En la mitad de los españoles a la que se refirió Gracián, exigentes de todos los derechos imaginables pero reacios a cualquier obligación real, el mensaje está prendiendo como la semilla en el fiemo. Pero convendría aclarar que, en este contexto, «voluntad» significa deseo y que «decidir» sólo significa tomar una determinación no vinculante sobre un asunto, conque la voluntad es la capacidad humana para decidir con libertad lo que se desea y lo que no.

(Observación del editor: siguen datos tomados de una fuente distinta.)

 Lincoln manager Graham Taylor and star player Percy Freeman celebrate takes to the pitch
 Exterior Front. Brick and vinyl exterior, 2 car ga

Mas, a pesar del «querer es poder», la distancia entre lo deseado y lo posible puede ser insalvable. Después de una vida laboral obscenamente larga y dura, por ejemplo, uno podrá decidir que está harto y desear jubilarse, pero si no reúne los requisitos deberá sujetarse el deseo y tragarse la decisión. En el ámbito colectivo, varios súbditos del reino de España residentes en determinada comunidad autónoma podrán decidir que no desean ser españoles, pero existen unas reglas de juego supremas llamadas leyes en virtud de las cuales quien decida no vivir en este país lo único que puede hacer es largarse.
Cuando de niños alborotábamos más de la cuenta en los banquetes familiares, algún padre o tío acababa decidiendo que ya era suficiente y expresando con un bocinazo su voluntad de que parásemos quietos. Y entonces el abuelo Enrique, imperturbable, musitaba mordiendo el puro: «¿Y poder?». Pues eso.